美大時代の若い頃はコピー機を使って好きなイメージをコピーして集めるという収集癖があり、山積みになっていく紙を切っては、コラージュを作りアニメーションを作るのが好きでした。時折、イメージではなく、読み終わった本の文章を切り取って新しい文章に組み直す事で自分では想像も付かなかったような詩的な風景を生み出すことができ、その訪れたことのない頭の中にだけ現れるその風景の中を散歩して満足するという時期もありました。思い返すと、その頃の私は、形として存在していたものが一度崩壊することで(この場合、私によってハサミで切られる)、新しく生まれるものの糧になるという自然界の循環を模倣したかのようなこの一連の作業には何か秘密があるのではと心の奥で感じていたようでした。
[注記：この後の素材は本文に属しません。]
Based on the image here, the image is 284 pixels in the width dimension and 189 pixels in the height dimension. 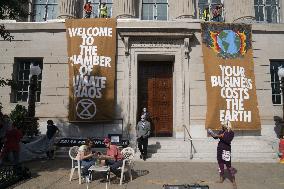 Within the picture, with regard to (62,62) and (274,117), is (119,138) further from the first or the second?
(274,117)

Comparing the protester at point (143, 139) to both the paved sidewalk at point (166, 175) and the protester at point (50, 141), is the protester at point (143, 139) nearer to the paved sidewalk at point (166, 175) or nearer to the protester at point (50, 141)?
the paved sidewalk at point (166, 175)

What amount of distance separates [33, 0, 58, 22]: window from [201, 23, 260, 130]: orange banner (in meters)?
9.72

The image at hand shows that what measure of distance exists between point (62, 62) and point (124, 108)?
456 cm

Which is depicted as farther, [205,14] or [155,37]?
[205,14]

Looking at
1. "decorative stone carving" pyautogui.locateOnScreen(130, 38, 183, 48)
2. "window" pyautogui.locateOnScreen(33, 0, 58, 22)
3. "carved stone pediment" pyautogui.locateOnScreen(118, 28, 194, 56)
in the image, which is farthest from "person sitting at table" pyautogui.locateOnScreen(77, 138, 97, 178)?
"window" pyautogui.locateOnScreen(33, 0, 58, 22)

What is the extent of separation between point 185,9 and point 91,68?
6824mm

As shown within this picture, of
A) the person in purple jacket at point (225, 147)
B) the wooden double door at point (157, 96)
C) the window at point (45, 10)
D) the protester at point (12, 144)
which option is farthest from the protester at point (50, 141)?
the window at point (45, 10)

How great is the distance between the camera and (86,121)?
17.4 meters

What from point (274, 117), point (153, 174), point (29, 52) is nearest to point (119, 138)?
point (153, 174)

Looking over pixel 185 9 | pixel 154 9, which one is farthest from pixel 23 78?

またある時、思い出とはコラージュのようなものだと思ったことがあり、記憶という曖昧なものも、過去にみた風景や経験の断片を繋ぎ合わせる事で「記憶」として現在に立ち現るものだと考えるようになりました。現実を見る方法もコラージュのようで、私たちは毎日世の中に溢れる情報を受け取り、過去の記憶をヒントにその中からどの情報を切り取るかを決定する事で、各々が見たい風景を「現実」風景として眺めているだけなのかもしれません。その組み合わせは千差万別で、そこから立ち現る風景は自分だけの風景であり、それを私は一人一人が持つ創造力だと思っています。沢渡温泉エリアに訪れる人々、一人一人の創造風景コラージュを形成する材料の断片の一つとして参加できればとおもいます。
CV
ロンドンと京都を拠点に活動。Chelsea College of Art and Designにてファインアートメディア学士、Royal College of Artにて、アニメーション修士を取得。
アニメーションを基軸にパフォーマンス、インスタレーション、日用品、VRなど異なる媒体を制約なく使用し、コラージュの手法を通じて異なる要素を組み合わせることで新たな視点を生み出しシュルレアリスム、神話、オカルトの風景にアプローチします。主な展示歴に「VOCA展2019」(東京上野の森美術館)、 「The Interpreter」 (英国、2015) など。オーバーハウゼン、オタワアニメーションフェスティバルなど、国際的なフィルムフェスティバルでの受賞歴、上映歴多数。